Die Corona-Krise kann an der Rechtsverbindlichkeit bestehender Verträge nichts ändern.


Leider bleibt die konkrete Boni-Regelung für AUA-Führungskräfte einschließlich Vorstand unbekannt. Gehen wir davon aus, dass die AUA-Vereinbarung dem üblichen Schema solcher in nahezu allen größeren Unternehmungen angewandten Regelungen entspricht. Demnach erhalten Führungskräfte Dienstverträge, die vorsehen, dass ein Teil ihrer Entlohnung variabel ist, gebunden an betriebswirtschaftliche Kennzahlen, wie Gewinn (etwa Ebit), Kapitalverzinsung, Aktienkurs, den erfolgreichen Abschluss von Großinvestitionsprojekten und ähnliches. In der Regel werden solche Boni nicht im laufenden Geschäftsjahr ausbezahlt, sondern später, wenn die Kriterien zahlenmäßig vorliegen (Bilanzpositionen) oder kurzfristige Manipulationen von Aktienkursen verhindert werden sollen.

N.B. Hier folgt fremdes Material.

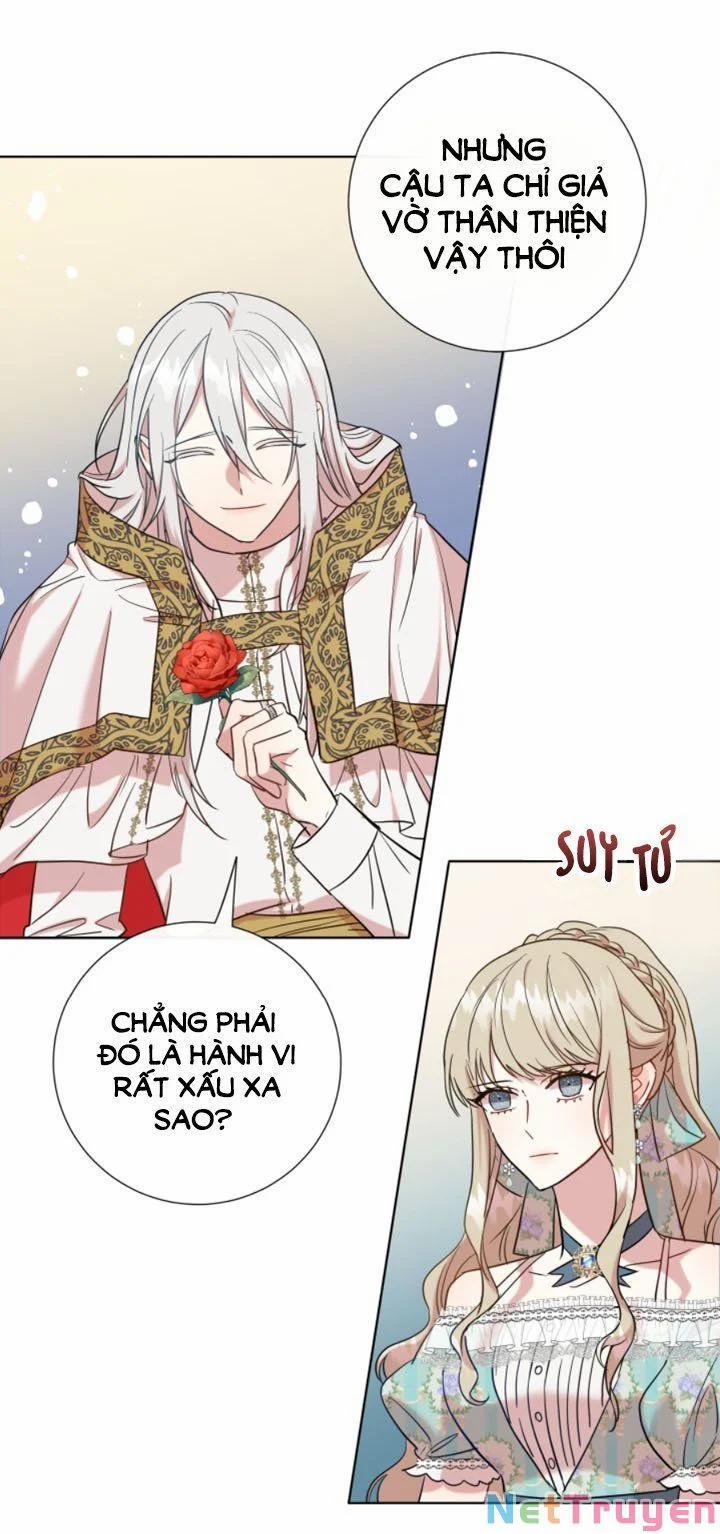 Xin Ngài Đừng Ăn Tôi 48 trang 29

Wie auch immer, diese Boni von hohen Führungskräften sind im Dienstvertrag, meist abgeschlossen mit dem Aufsichtsratsvorsitzenden, rechtskräftig fixiert. Erfolgsabhängige Gehaltsbestandteile können im Prinzip mit jedem Dienstnehmer vereinbart werden. In diesem Sinne kamen die vertraglich vereinbarten Boni aufgrund der Ergebnisse des Jahres 2019 im Folgejahr, also heuer, bei der AUA zur Auszahlung. Nochmals: annahmegemäß auf Basis bestehender Verträge und nicht als (freiwillige) Ausschüttung des Unternehmens. Heuer, das heißt im Corona-Jahr, in dem die AUA-Mutter-gesellschaft Lufthansa und ihre Tochter von den deutschen und österreichischen Steuerzahlern gerettet werden mussten. Diese Ereignisse können - in einem Rechtsstaat - an der Rechtsverbindlichkeit bestehender Verträge nichts ändern.

Dass die politische Opposition sich in dieses Thema verbeißt und am liebsten Boni überhaupt verbieten möchte, war erwartbar. Weniger, dass sich Spitzenvertreter der großen Regierungspartei mit ihren Aussagen vom Rechtsstaat verabschiedet haben: "Staatshilfen in Anspruch zu nehmen, Mitarbeiter in Kurzarbeit zu haben und als Vorstand gleichzeitig Boni auszuzahlen, ist völlig inakzeptabel", heißt es da. Wo ist festgeschrieben, dass die Einhaltung (annahmegemäß) rechtsverbindlicher Verträge völlig inakzeptabel ist? Oder: "Es mögen zwar rechtliche Bedingungen dafür da sein, aber nicht alles, was rechtlich möglich ist, ist auch moralisch in Ordnung." Herrschaften, hier sind (annahmegemäß) nicht nur rechtliche Bedingungen gegeben, sondern gerichtsfeste Verträge! Und die Moral im Zusammenhang mit Dienstverträgen im politischen Einflussbereich ins Spiel zu bringen, ist erstens rechtlich irrelevant und zweitens populistisch. Denn die dienstvertraglich vereinbarten und durch Boni zu entlohnenden Leistungen wurden anscheinend 2019 erbracht.

Von einem Spitzenpolitiker erwarte ich mir zu allererst ein Bekenntnis zum Rechtsstaat und - diesem immanent - zum Schutz privatrechtlicher Verträge. Und dann vielleicht noch eine kleine Portion Selbstkritik, dass es nicht um Einzelfälle gehe, sondern um die grundsätzliche und standort- und verteilungspolitisch wichtige Frage von Boni in Kapitalgesellschaften. Und dass diese in vielen Staaten, nicht nur in Österreich, leider von der Politik links (oder rechts) liegen gelassen wird.